Written by Mark H. Reeves

On June 4, 2015, the en banc Ninth Circuit Court of Appeals held that parties cannot use collateral litigation to challenge the Department of the Interior’s decisions to grant federal recognition to an Indian tribe or to accept lands into trust for a tribe. Big Lagoon Rancheria v. State of California, Nos. 10-17803 & 10-17878. The Court further held that any challenge to such decisions must be brought under the Administrative Procedure Act (APA), 5 U.S.C. §§ 701, et seq., and within the six-year statute of limitations applicable to APA actions. In so holding, the Court reversed the panel majority decision in Big Lagoon Rancheria v. State of California, 741 F.3d 1032 (9th Cir. 2014), and affirmed that the United States Supreme Court’s decision in Carcieri v. Salazar, 555 U.S. 379 (2009), did not operate to retroactively divest the United States of trust title to existing trust lands.


Big Lagoon began as a lawsuit by a federally recognized Indian tribe alleging that the State of California had breached its statutory obligation to negotiate in good faith regarding a gaming compact. As an affirmative defense, the State argued that the Indian Gaming Regulatory Act’s good faith negotiation requirement did not apply to Big Lagoon Rancheria because the Rancheria was not properly recognized and because the Department of the Interior lacked authority to take land into trust for the Rancheria under Carcieri. The district court held that the State was obligated to negotiate in good faith pursuant to IGRA, and a divided panel of the Ninth Circuit reversed, adopting the State’s arguments. The Court then granted en banc review.

The En Banc Decision

The en banc Court resoundingly rejected the State’s effort to use Carcieri to mount an untimely, collateral attack on Interior’s recognition and land entrustment decisions. First, it held that Carcieri was distinguishable from Big Lagoon’s case because the former “involved a timely administrative challenge brought against the Secretary of the Interior” rather than “a belated collateral attack.” Slip op. at 12. Carcieri, the Court concluded, “does not address whether the BIA’s entrustment decisions can be challenged outside an action brought under the APA or outside the statute of limitations for APA actions.” Id.
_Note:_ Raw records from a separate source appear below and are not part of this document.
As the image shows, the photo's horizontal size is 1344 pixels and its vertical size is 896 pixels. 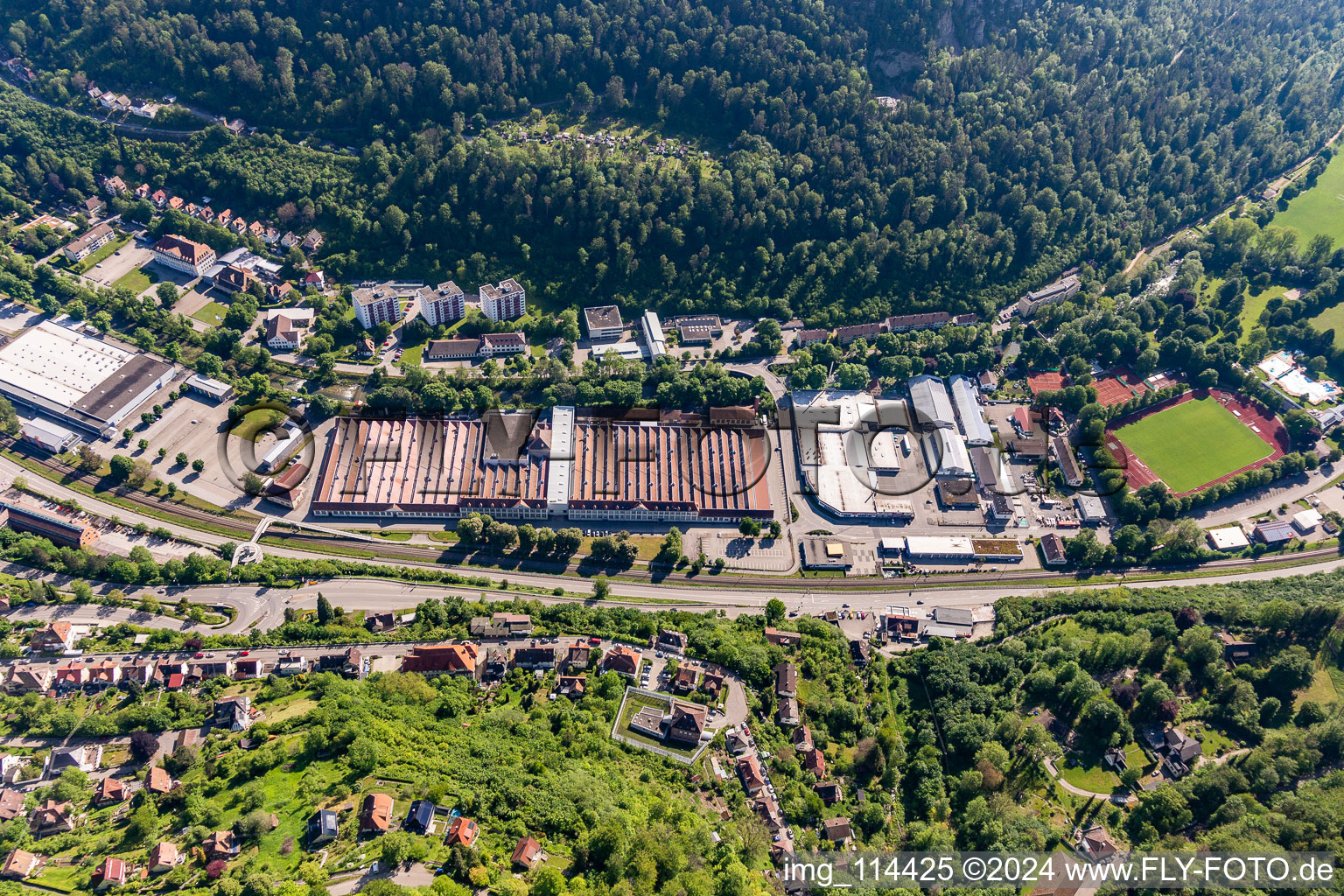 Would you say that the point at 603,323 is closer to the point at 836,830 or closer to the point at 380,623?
the point at 380,623

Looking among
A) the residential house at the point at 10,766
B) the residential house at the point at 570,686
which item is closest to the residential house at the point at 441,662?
the residential house at the point at 570,686

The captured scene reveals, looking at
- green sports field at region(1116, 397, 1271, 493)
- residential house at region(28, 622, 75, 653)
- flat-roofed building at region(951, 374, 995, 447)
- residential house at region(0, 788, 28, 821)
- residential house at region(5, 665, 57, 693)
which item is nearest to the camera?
residential house at region(0, 788, 28, 821)

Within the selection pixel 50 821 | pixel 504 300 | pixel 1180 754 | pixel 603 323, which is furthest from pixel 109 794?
pixel 1180 754

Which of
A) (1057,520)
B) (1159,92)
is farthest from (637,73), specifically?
(1057,520)

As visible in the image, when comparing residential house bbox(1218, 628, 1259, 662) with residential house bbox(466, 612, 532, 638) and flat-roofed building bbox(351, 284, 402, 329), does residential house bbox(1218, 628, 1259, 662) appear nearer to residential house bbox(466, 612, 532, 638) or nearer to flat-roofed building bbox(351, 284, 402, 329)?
residential house bbox(466, 612, 532, 638)

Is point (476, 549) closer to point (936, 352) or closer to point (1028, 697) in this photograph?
point (1028, 697)

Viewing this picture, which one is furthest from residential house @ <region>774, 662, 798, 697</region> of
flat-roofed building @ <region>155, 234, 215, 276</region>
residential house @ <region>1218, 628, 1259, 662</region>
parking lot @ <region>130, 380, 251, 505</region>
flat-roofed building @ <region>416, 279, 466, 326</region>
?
flat-roofed building @ <region>155, 234, 215, 276</region> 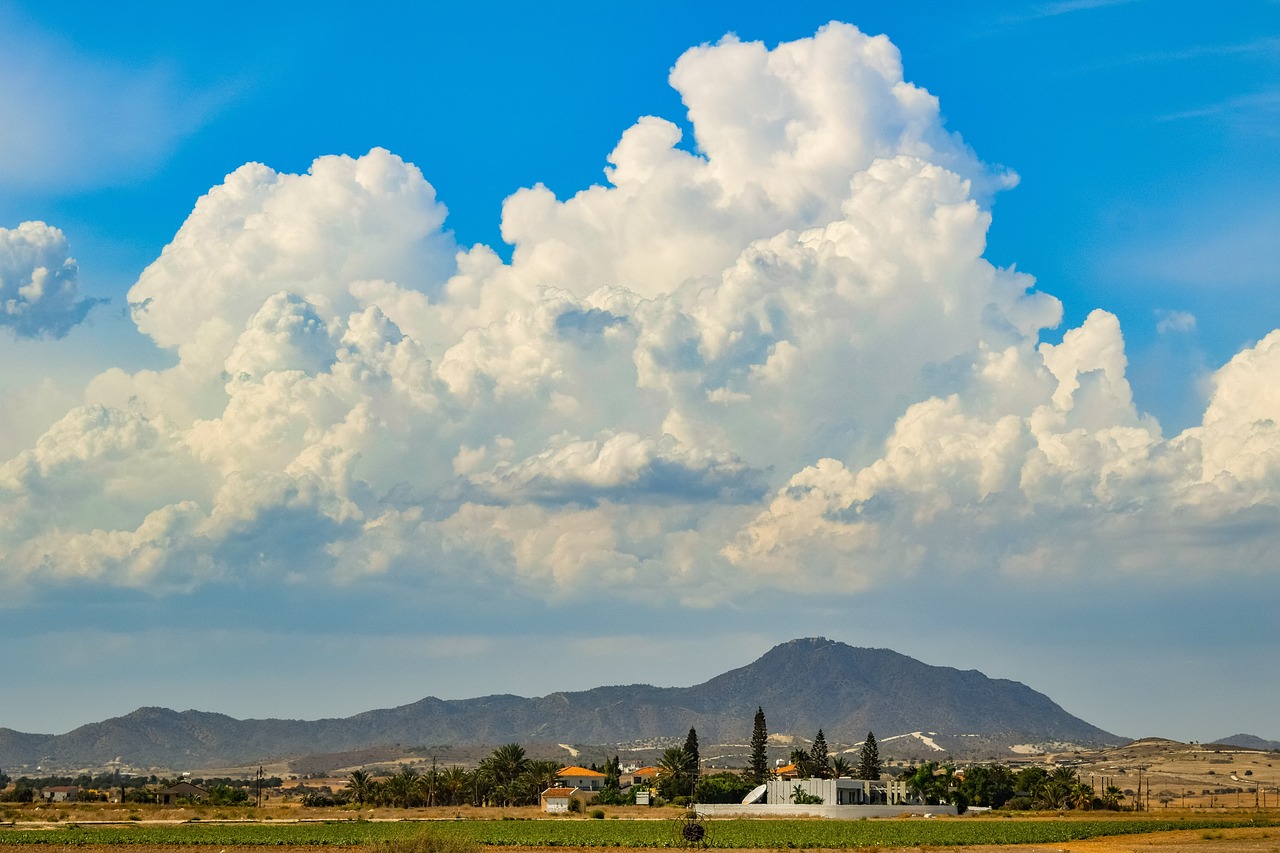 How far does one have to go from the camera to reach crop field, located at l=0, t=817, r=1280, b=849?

Left to resolve these questions of first impression, the en banc Court had little difficulty concluding that challenges to federal recognition and land entrustment decisions present “‘garden variety APA claim[s].’” Id. (quoting Match-E-Be-Nash-She-Wish Band of Pottawatomi Indians v. Patchak, 132 S. Ct. 2199, 2208 (2012)). Because such challenges are APA claims, the Court held that allowing a party to challenge a tribe’s federal recognition or the status of its trust lands in a collateral, non-APA proceeding “would constitute just the sort of end-run [around the APA] that we have previously refused to allow, and would cast a cloud of doubt over countless acres of land that have been taken into trust for tribes recognized by the federal government.” Slip op. at 14. Accordingly, the Court held that the State could not use its collateral litigation against Big Lagoon to challenge the Rancheria’s federal recognition or the legal status of its trust lands. Id.

The Court went on to hold that even if the State attempted to bring an APA action against the United States to litigate those issues, such a claim would be barred by the six-year statute of limitations applicable to APA actions because the United States granted federal recognition to the Rancheria and accepted its lands into trust more than six years prior to the litigation. Id. at 14-15.

In addition to its express holdings that challenges to federal recognition and land entrustment decisions can only be brought through direct, timely APA actions, Big Lagoon is significant because of the Court’s recognition that, as a matter of law, Carcieri did not operate to retroactively divest existing trust lands of their legal status. This holding should, as the Court noted, help to clear up any lingering “cloud of doubt” over the status of lands taken into trust more than six years prior to any Carcieri-based challenge. Id. at 14.